In contrast to conventional radiography, high resolution peripheral quantitative computed tomography (HR-pQCT) allows three-dimensional (3D) determination and quantification of the microarchitecture as well as volumetric bone mineral density (vBMD) of the hand joints in vivo with a resolution of 82 micrometer isotropic voxel size5,6. Subsequently, density parameters (mg hydroxylapatite/\({\text {cm}}^3\)) are available for the whole bone.

In the past years HR-pQCT has been used to determine and quantify the vBMD and microarchitecture in patients with arthritis, which has supported the early and differential diagnosis of the disease and evaluated the bone-protective effort of anti-rheumatic drugs7,8.

State-of-the-art (SOTA) assessment for vBMD determination of the hand using HR-pQCT technique is based on a semi-automatic segmentation of the metacarpal (MC) bone in the acquiried images9. Given the segmentation mask, the vBMD is calculated by the summation of corresponding bone voxels. However, the semi-automatic segmentation of up to 320 slices for each patient joint by an expert is a time-intensive process. Additionally, for patients with advanced stages of arthritis, the erosion of the cortical bone of the MCs poses challenges for the segmentation task as the differentiation of the bone from the surrounding tissue is difficult. For mild cases this leads to inter-operator precision errors of 3.7%10. However, for difficult cases, this situation can lead to inter-operator precision errors as high as 11.58% for the erosions11.

Advancements in the field of deep learning have enabled the application of neural networks to medical imaging tasks12. The automatic segmentation of bones in whole body computed tomography (CT) images demonstrates the ability of neural networks to generalize to new, unseen patient images for a compliated task13. Recent works transitioned from feasability studies to the examination of the benefits of using deep learning as an assisting tool in the daily routine of clinicians14.

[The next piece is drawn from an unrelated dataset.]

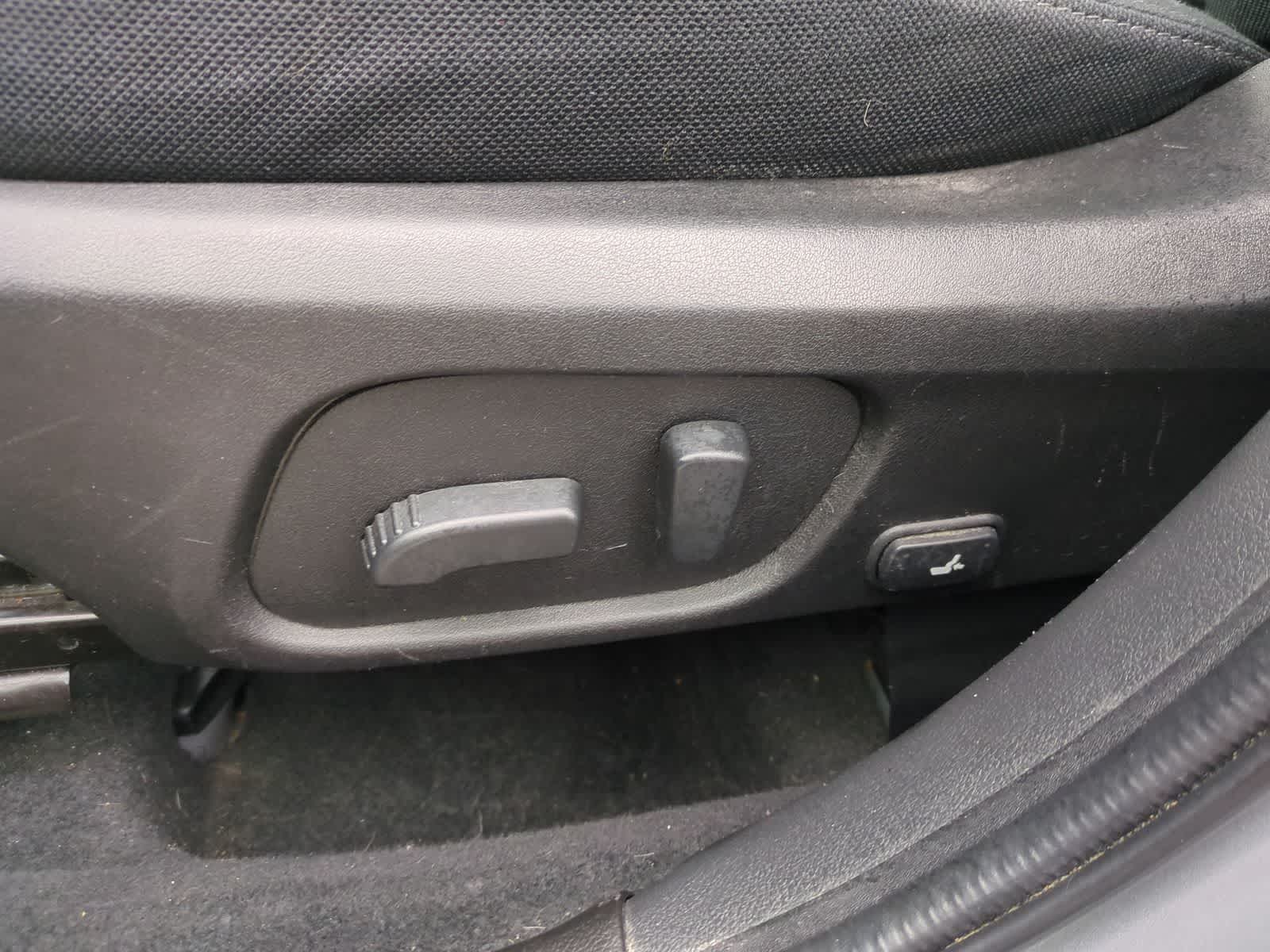 Thumbnail: 2018 Subaru Forester - 18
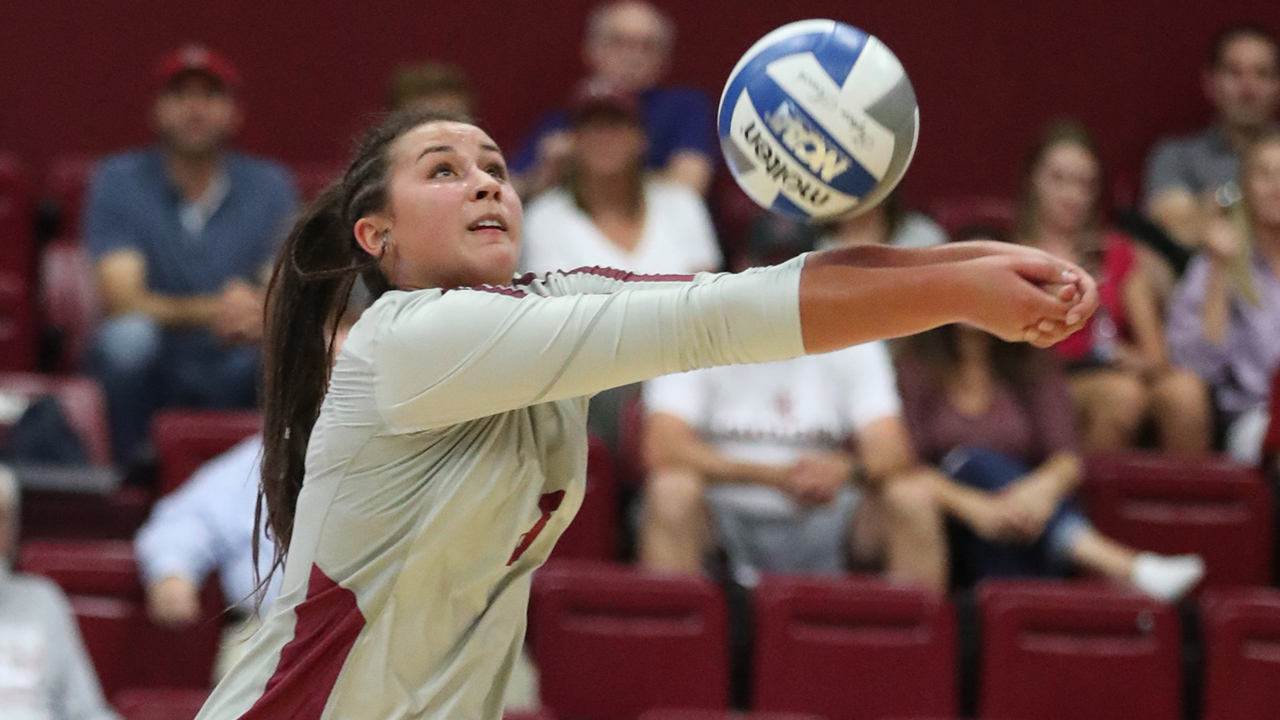 Liliana Light had her second straight double-double (31 assists, 11 digs) and fourth in six matches on Saturday night.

The objectives of this work are to evaluate the potential of neural networks to replace the semi-automatic segmentation by an expert and to implement the automatic segmentation pipeline in the clinical workflow, both by comparing SOTA and the developed pipeline with respect to the accuracy of the segmentations, the correlation of vBMD results, and the time required to assess vBMD in arthritis patients.

Results

First, the performance of three neural network configurations is compared with the clinical expert’s manual segmentation using discriminative metrics. Subsequently, to evaluate the effect of the automatic pipeline in Fig. 1 using a neural network, the time requirements are compared to the manual workflow. Finally, the vBMD measurements obtained by the clinicians will be compared to the network-based automatic approach.

Figure 1
figure 1

The pipeline to generate a patient report can be subdivided into the following steps: (1) image acquisition using the HR-pQCT scanner, (2) segmentation of the second MC in the volumes, (3) calculation of the vBMD using the segmentation masks. As the manual and the automatic pipeline only differ in the segmentation step, the automatic segmentation pipeline can be considered a drop-in replacement of the semi-automatic, time-intensive expert segmentation.

Network configuration and performance

The three configurations compared in the following are

  • 2D Segmentation network (2D U-Net) without pre-training,

  • 2D Segmentation network (2D U-Net) with pre-training, and

  • 3D Segmentation network (3D U-Net) without pre-training.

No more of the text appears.